Photo courtesy of the Chicago Tribune. (www.chicagotribune.com)

So, Osama Bin Laden is dead. But what now? What is our response?

Students all over the US are flocking to the streets, throwing gargantuan parties, singing songs, celebrating. On the one hand, this event does mark some kind of progress that seems to warrant at least a bit of frivolity. However, it’s important not to let the zealous rush override the moral fiber of our wonderful nation—and, as Christians, the integrity of our faith. It’s one thing to rejoice over the triumph of peace, but another to take unhealthy pleasure in the loss of human life.

And there is a difference.

As Christians, we must remember the words of Scripture.

In Romans chapter 12, Paul says:

17 Do not repay anyone evil for evil. Be careful to do what is right in the eyes of everyone. 18 If it is possible, as far as it depends on you, live at peace with everyone. 19 Do not take revenge, my dear friends, but leave room for God’s wrath, for it is written: “It is mine to avenge; I will repay,”[d] says the Lord. 20 On the contrary:

“If your enemy is hungry, feed him;

if he is thirsty, give him something to drink.

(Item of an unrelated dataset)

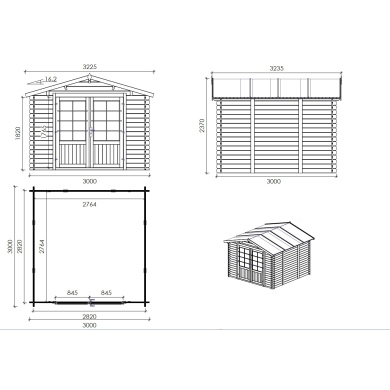 Abri de jardin en bois - 9m2 - 3x3m - Ep. 28mm - Couleur: naturel 2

In doing this, you will heap burning coals on his head.”[e]

21 Do not be overcome by evil, but overcome evil with good.

In Matthew chapter 5, Jesus says:

7 Blessed are the merciful,

for they will be shown mercy.

8 Blessed are the pure in heart,

for they will see God.

9 Blessed are the peacemakers,

for they will be called children of God.

-and-

43 “You have heard that it was said, ‘Love your neighbor[i] and hate your enemy.’ 44 But I tell you, love your enemies and pray for those who persecute you, 45 that you may be children of your Father in heaven. He causes his sun to rise on the evil and the good, and sends rain on the righteous and the unrighteous. 46 If you love those who love you, what reward will you get? Are not even the tax collectors doing that? 47 And if you greet only your own people, what are you doing more than others? Do not even pagans do that? 48 Be perfect, therefore, as your heavenly Father is perfect.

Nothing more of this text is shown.